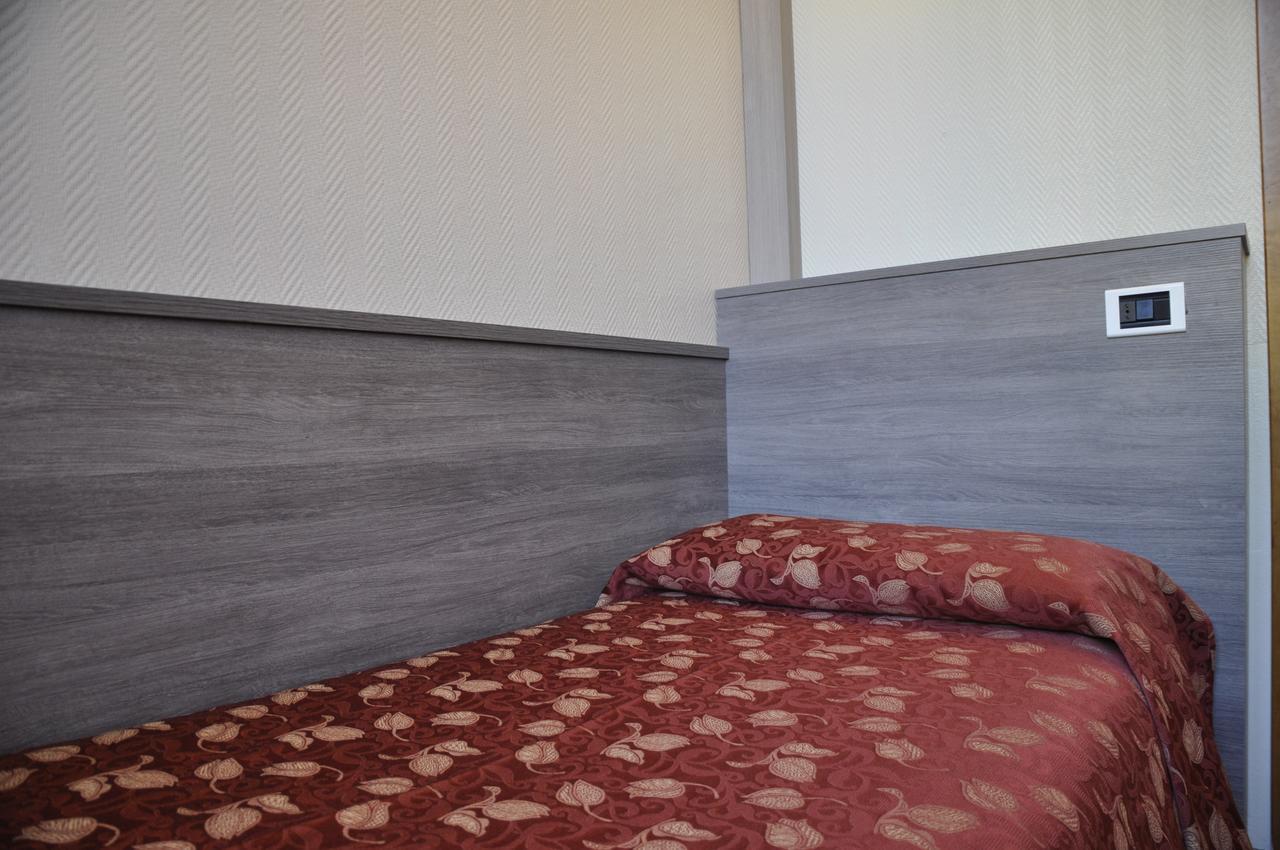 Hotel Est Piombino Exteriér fotografie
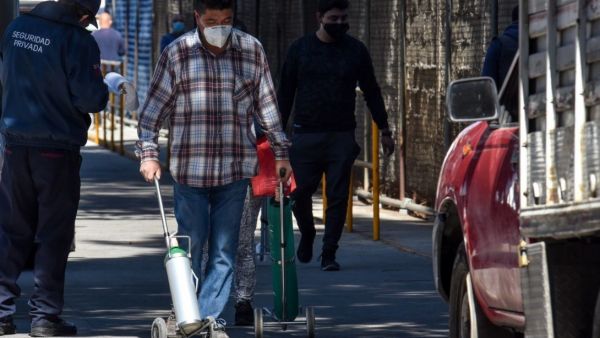 Alza de precios, reventa y largas filas por oxígeno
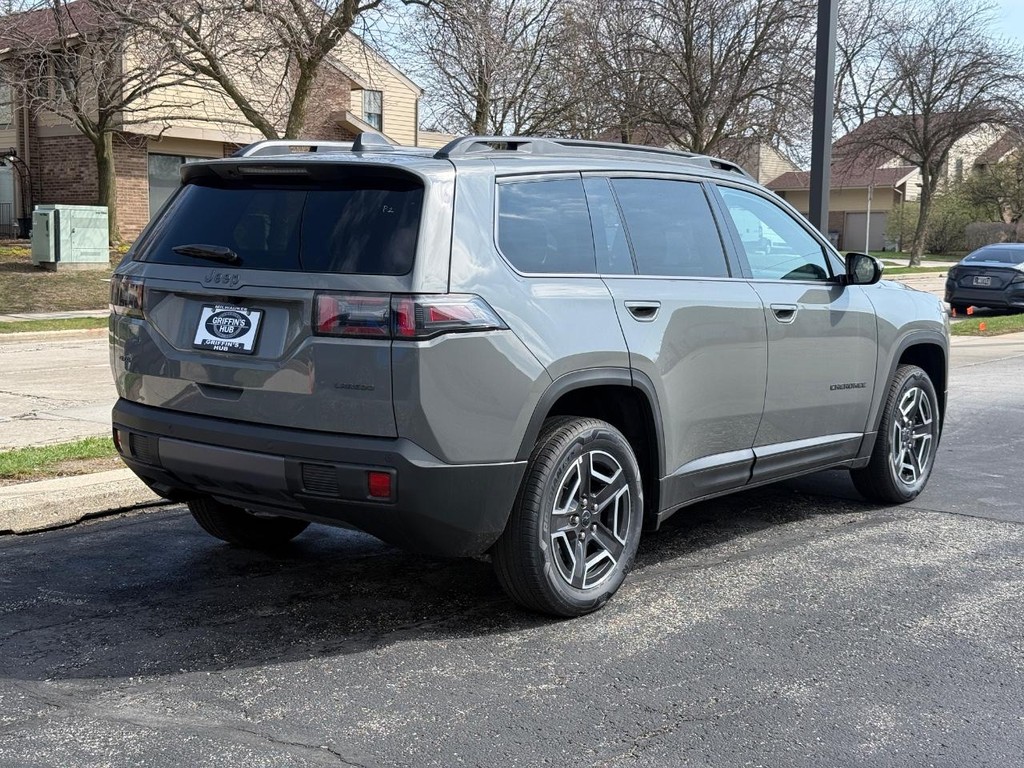 Jeep Cherokee Vehicle Full-screen Gallery Image 03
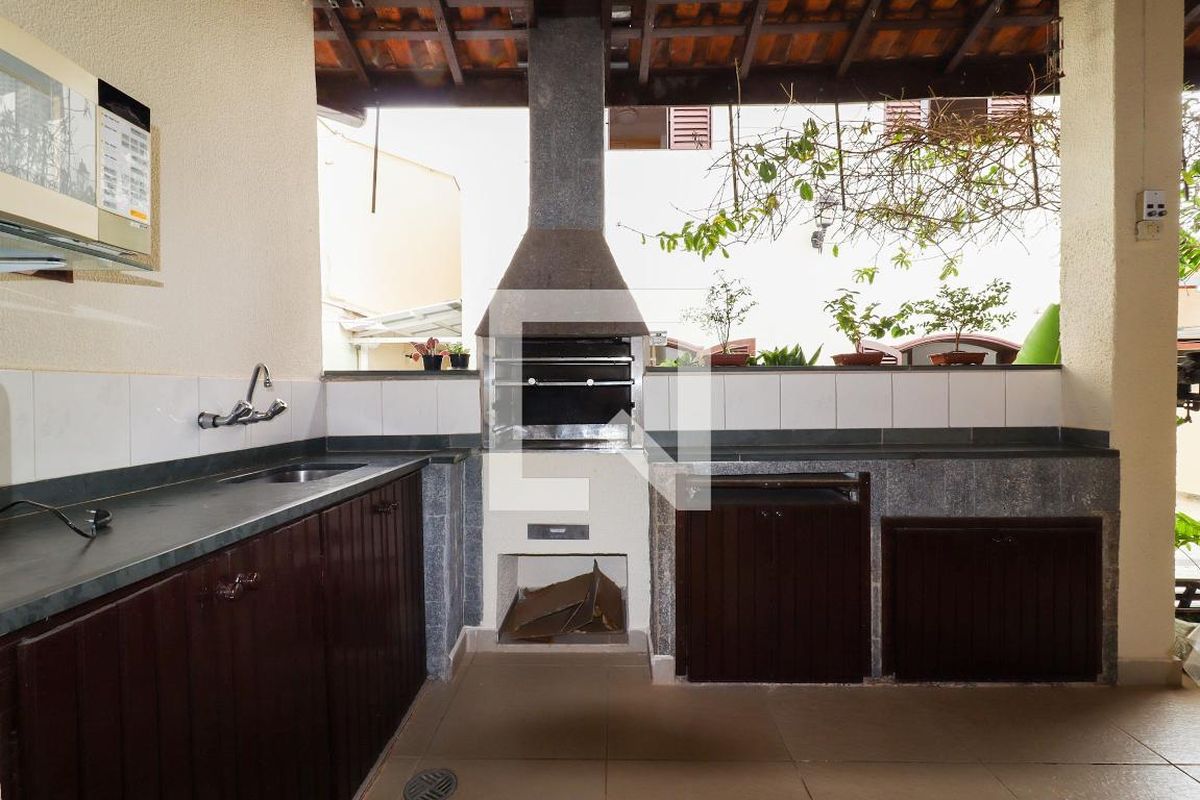 Casa à Venda - Jardim Flamboyant, 3 Quartos,  325 m2 em , Campinas - sp | SoloBR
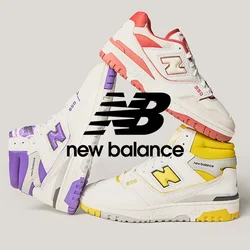 Tre paia di sneakers New Balance bianche con accenti viola, rosso e giallo, disposte a formare un triangolo su uno sfondo chiaro.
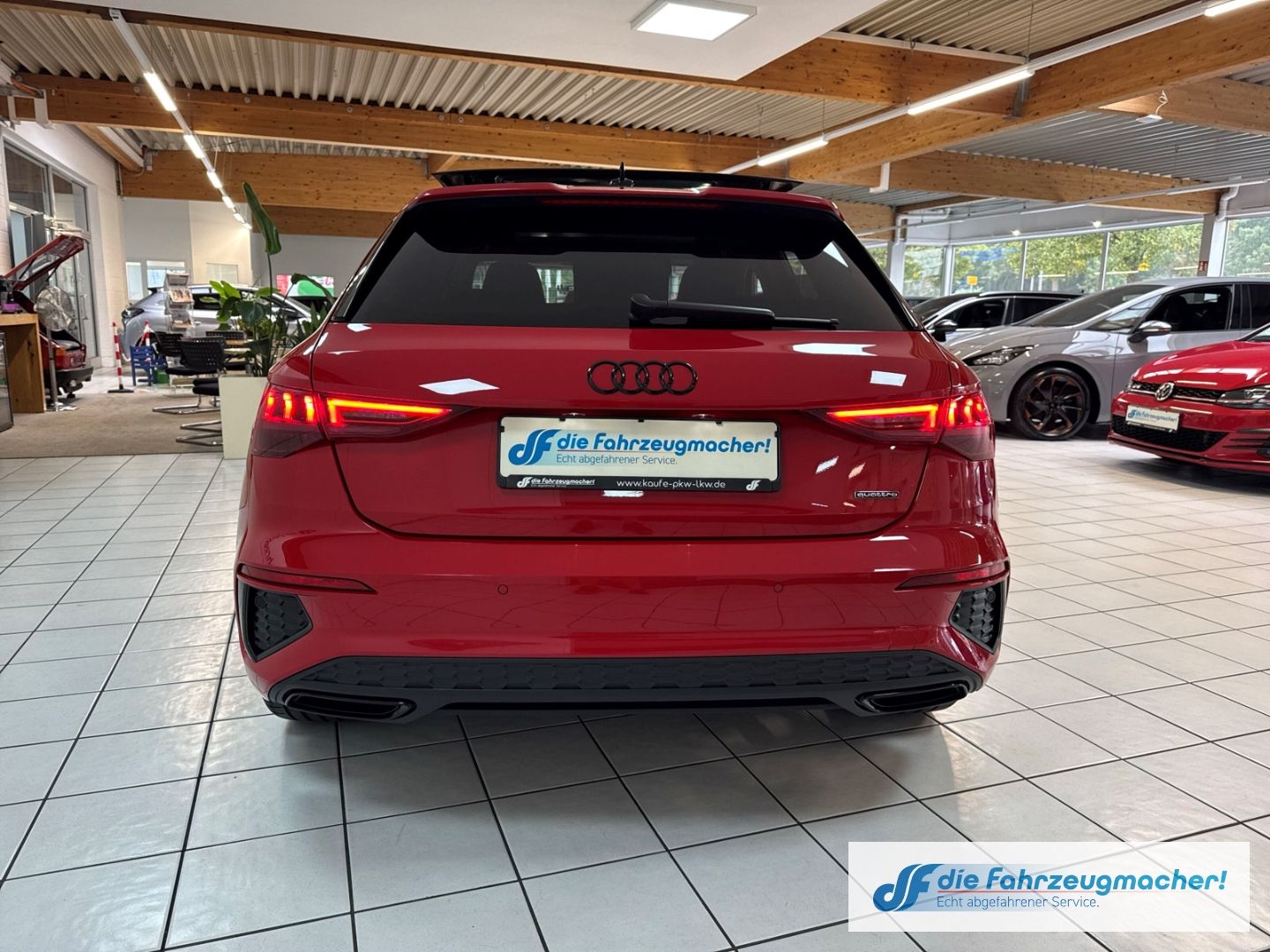 Fahrzeugabbildung Audi A3 Sportback 40 TFSI quattro S line El. Panodach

Brief:
Apart from the pictures, all of the data must be duplicated exactly as shown above.

Response to this task:
 Hotel Est Piombino Exteriér fotografie
 Alza de precios, reventa y largas filas por oxígeno
 Jeep Cherokee Vehicle Full-screen Gallery Image 03
 Casa à Venda - Jardim Flamboyant, 3 Quartos,  325 m2 em , Campinas - sp | SoloBR
 Tre paia di sneakers New Balance bianche con accenti viola, rosso e giallo, disposte a formare un triangolo su uno sfondo chiaro.
 Fahrzeugabbildung Audi A3 Sportback 40 TFSI quattro S line El. Panodach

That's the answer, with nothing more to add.